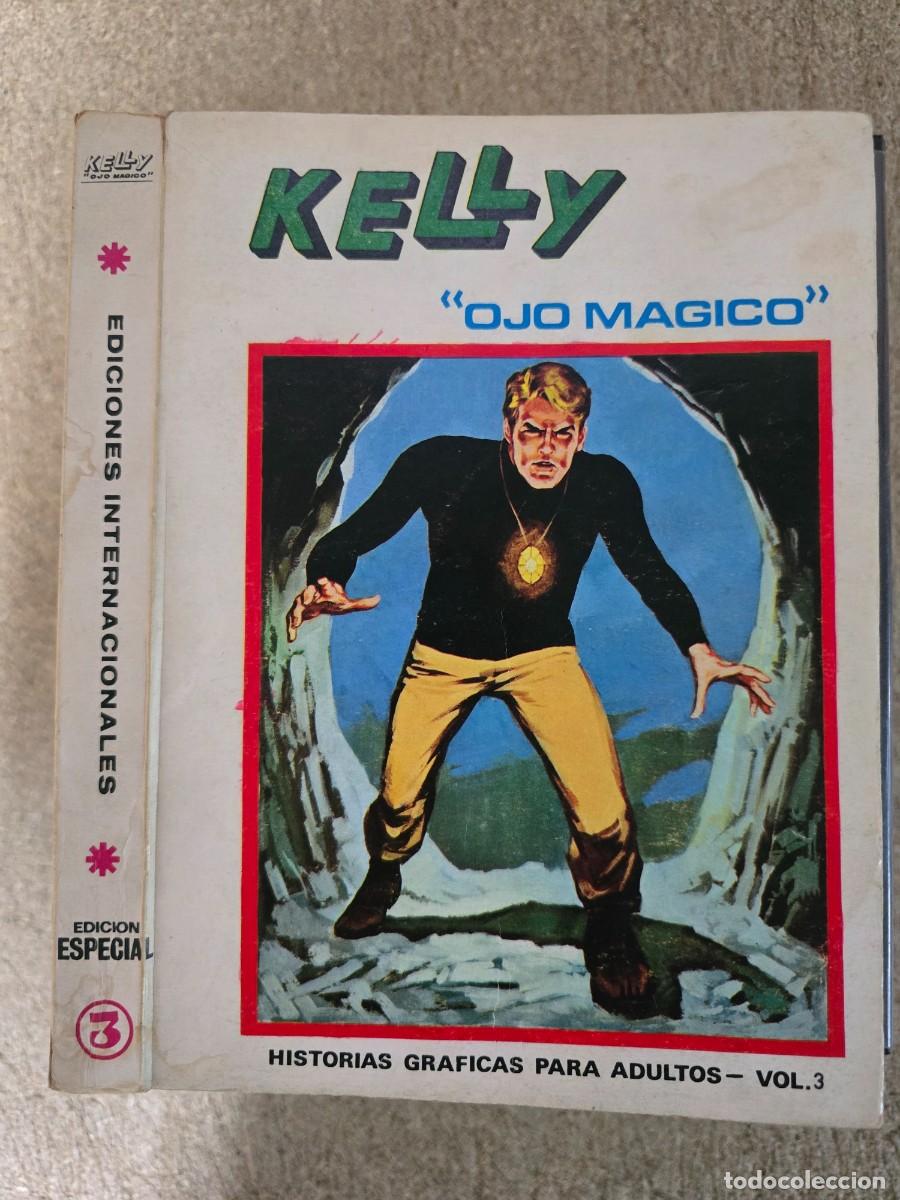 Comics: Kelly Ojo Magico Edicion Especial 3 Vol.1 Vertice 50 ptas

==

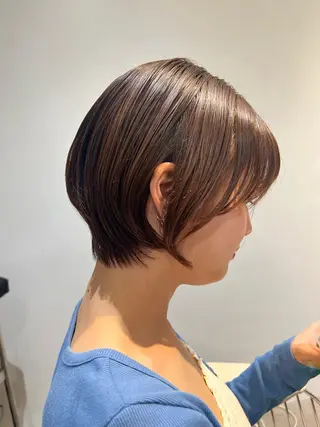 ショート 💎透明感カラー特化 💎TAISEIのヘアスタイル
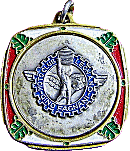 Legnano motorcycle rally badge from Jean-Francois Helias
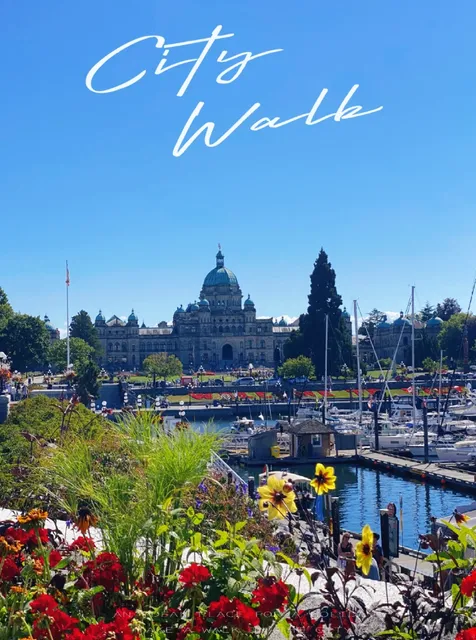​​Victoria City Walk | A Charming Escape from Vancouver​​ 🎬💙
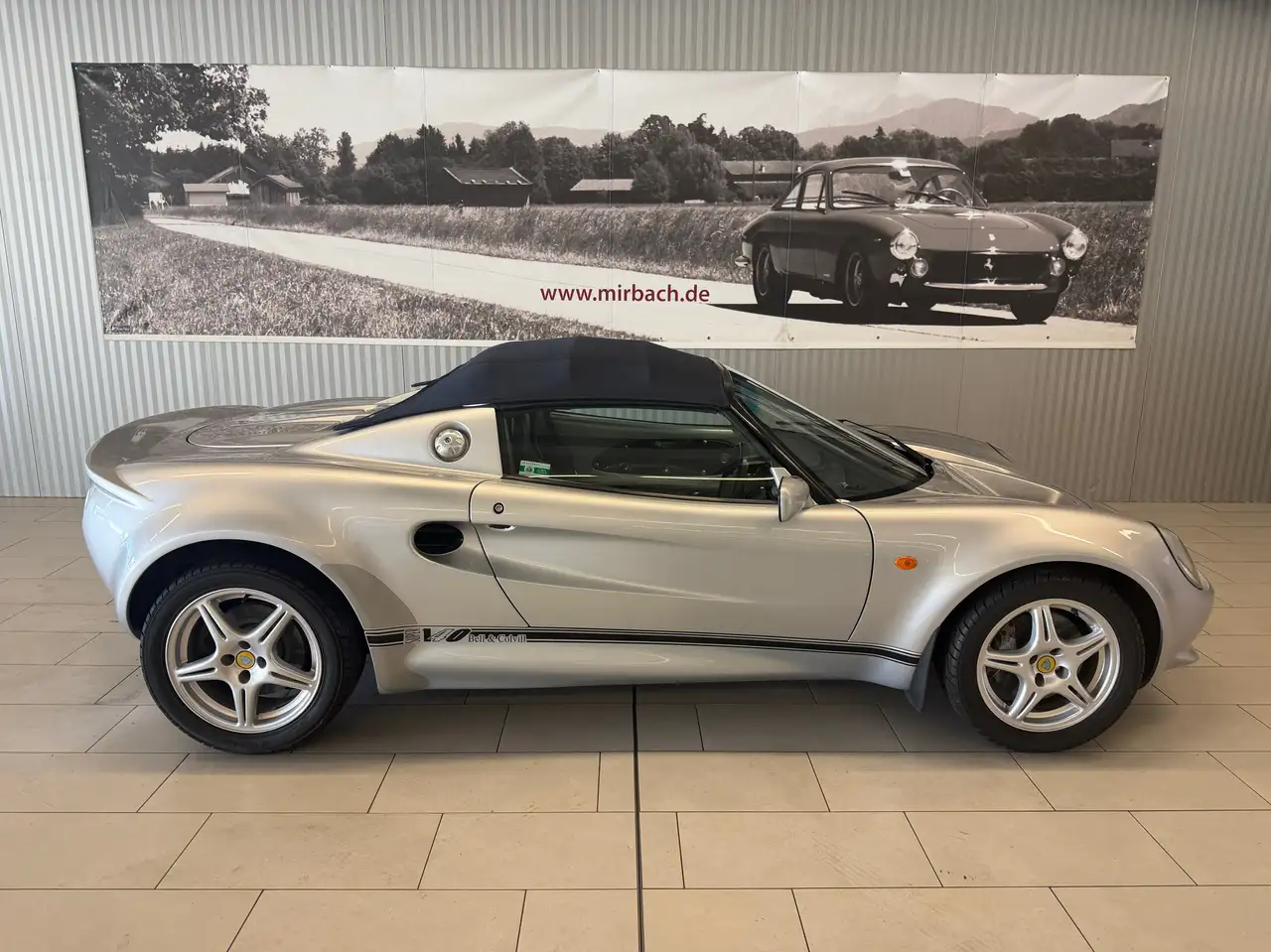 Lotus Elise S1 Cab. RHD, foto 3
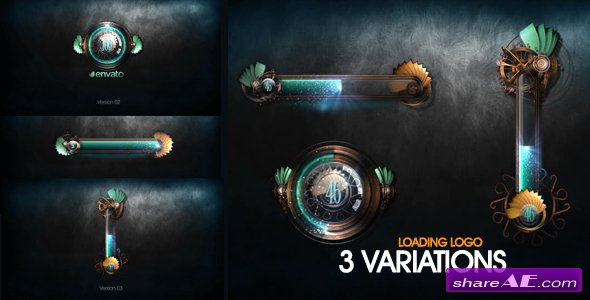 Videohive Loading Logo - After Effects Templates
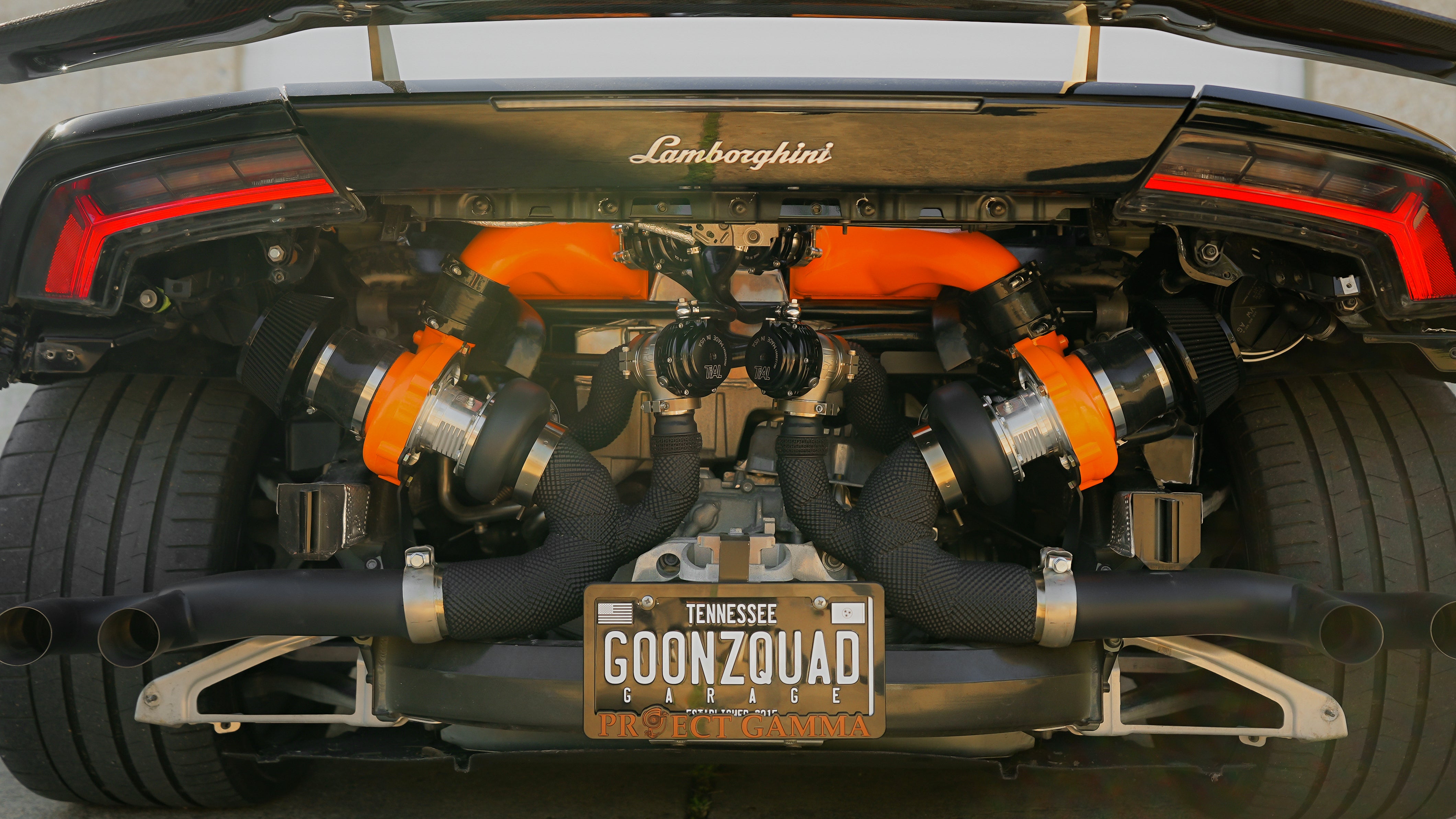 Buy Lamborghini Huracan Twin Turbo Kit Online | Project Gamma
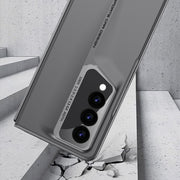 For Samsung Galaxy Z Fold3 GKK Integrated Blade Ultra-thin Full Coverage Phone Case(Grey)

Exercise objective: Output should consist of the lines above from the one with "ショート 💎透明感カラー特化 💎TAISEIのヘアスタイル" down to the one with "Videohive Loading Logo", exact and without pictures.

Exercise result:
 ショート 💎透明感カラー特化 💎TAISEIのヘアスタイル
 Legnano motorcycle rally badge from Jean-Francois Helias
​​Victoria City Walk | A Charming Escape from Vancouver​​ 🎬💙
 Lotus Elise S1 Cab. RHD, foto 3
 Videohive Loading Logo - After Effects Templates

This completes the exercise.